Kerozene affirme une deuxième fois la plume trempée du réalisme le plus cru de l’autrice belge Adeline Dieudonné. Une galerie de portraits fenêtrés qui s’entortillent autour de la clignotante station-service.
23h12. Une station-service le long de l’autoroute, une nuit d’été. Si on compte le cheval mais qu’on exclut le cadavre, quatorze personnes sont présentes à cette heure précise.
Kerozene s’ouvre sur ces deux phrases en une comédie humaine des plus burlesques et pourtant des plus humainement cruelles.
Kerozene, ce n’est pas le pire de l’humanité, ce ne sont pas des atrocités inimaginables. Juste la réalité, la vraie vie si on se rappelle le premier roman d’Adeline Dieudonné, dans tout ce qu’elle comporte de moins glorieux. Pas de détour ni de jolie formule, on casse tes petits clichés bien ancrés, tout le monde en prend pour son grade.
Les couples qui font semblant de s’entendre, l’exploitation de femmes immigrées, les dauphins ou les chevaux, les enfants ou petits-enfants qui doivent gérer tant bien que mal la vieillesse de leurs proches, les vices inavouables que l’on porte pour supporter la vie, le terrorisme, le choix de disposer de son corps comme on l’entend…
Tant de sujets de société abordés sous un angle qui reste généralement sous le tapis, loin d’être étalés comme toutes les inepties qui se targuent d’aborder les sujets essentiels. Kerozene n’est pas le roman « feel good » de l’été. Il est là pour nous rappeler qu’on ne peut pas se dérober à cette humanité qui est aussi la nôtre. Que même si ce n’est pas sous notre toit, ça existe, et que c’est à nous aussi de transmettre le remède aux clichés et à la superficialité grandissante.

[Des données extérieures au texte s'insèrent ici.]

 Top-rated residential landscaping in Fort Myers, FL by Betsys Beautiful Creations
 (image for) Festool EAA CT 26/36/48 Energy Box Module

Et je crois que c’est ce côté brut, trivial, qui m’a tenue en haleine, parce que j’ai vraiment eu le sentiment de ne pas lire ce qu’on nous sert des milliers de fois dans les romans. Toutefois, le style ne m’a pas marquée par son originalité littéraire ni sa dextérité, avec des personnages aux voix similaires et aux raisons d’agir assez floues. Mais je savais ce que je venais chercher chez Adeline Dieudonné, et je n’ai pas été déçue, même si la Vraie Vie m’avait davantage conquise avec son côté plus candide et moins trash.
Si la station-service est un prétexte quasi littéraire pour tisser le destin de tous les personnages entre eux à la manière d’une comédie humaine contemporaine, elle n’aura guère joué le rôle d’intrigue. Son mérite revient à avoir ouvert et refermé le quotidien entrebâillé de toutes ces vies à la manière de nouvelles, à nous avoir permis, pour certains, certaines situations, d’ouvrir les yeux et de sortir de la caverne.